In the beginning there was empathy and compassion throughout my being. I felt the pain of those around me, cried tears over their hurts and became distraught if I upset anyone for any reason. I wanted everyone to like me, be happy, have only good things happen to them. I knew that if I were in charge of the world, I could make everything be wonderful for everyone.

Then I was promoted to my first management position and got stomped into the mud. The first couple of times I had to let someone go, I was so upset at ending their ability to provide for their family that they comforted me.

“It’s okay,” they would tell me as they hugged and patted me, “it’s not your fault that I keep calling in and people catch me at the fair or the movies or the mall.” Or, “You told me 3 months ago this was going to happen if I didn’t start showing up on time, please don’t be upset”.

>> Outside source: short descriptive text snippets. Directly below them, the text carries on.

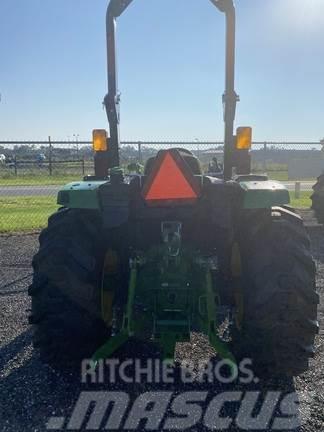 John Deere 4044M Traktorid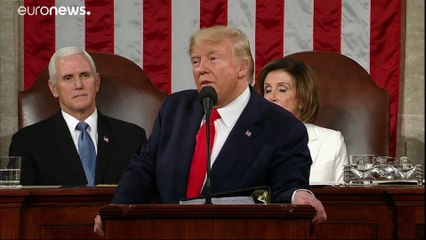 O momento em que Nancy Pelosi rasga "manifesto de falsidade" de Trump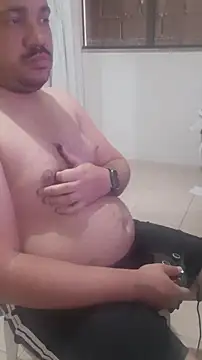 Urso Nerd online show from 11-18-25, 03:59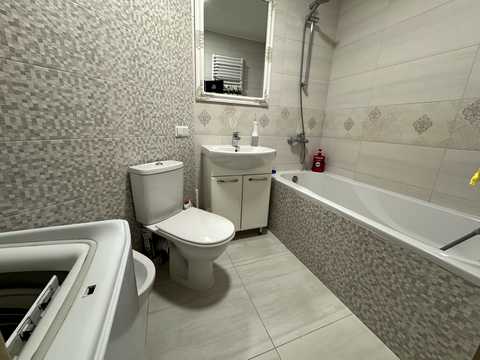 квартира за адресою Білогірська вул., 18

After many disappointments and illusions lost, I turned to the dark side.

If I could not love and care these people into happy lives, then by god I would force them into it with my great and mighty authority. I developed the look, the tone, the walk and the strategy to make almost everything go the way it needed to go for everyone to get what they said they wanted. I was loved and hated with equal passion through those years. I got the degree, read the books, watched the videos and took to heart the lessons from (technically the greatest professional of all time)…my mother.

I knew shit.

The love for, and priority of my son’s upbringing caused my decision to step away. During that glorious hiatus, I learned a very valuable lesson that has carried me through the stages of the past few years.

I don’t need to be somebody to be somebody.

In the resting place of caring for my family and being responsible for only the work I did,  I began to learn that power over self trumps any fictitious power I thought I had over anyone else’s life choices. Unfortunately, the lesson didn’t root deeply enough. When I stepped back into management, I did something extremely foolish.

I picked the world up again, and carried it with me.

Being the stubborn, obstinate and contrary person that I obviously am, it took a major shake up for me to let the fuck go. People have the right and responsibility to earn and learn their own rewards and lessons. I do not have the right to “save” them from themselves or take their potential wisdom away just to make myself feel better by making their lives easier. There’s always something to face, that next thing, and if they are not strong enough how can they win?

Enabling is not empowering. It is the exact opposite.

Honestly, it is so hard for me not to jump in when I shouldn’t. It’s just as hard not to let others jump in and save me when I know I need to feel the pain of something. But I know myself well, and try to respect that others deserve the same chances to grow in the face of resistance. Which is the only way any muscle is built.

So after all these years, I have finally found my way back to the heart of me that empathizes, hurts and cries for another without stealing the struggle needed to grow strong. With some spine, hard-learned wisdom, and the ability to support without invading another’s choices I am gaining much needed ground in my own peace of mind.

*Just don’t ask for my thoughts on a matter unless you’re ready to hear it.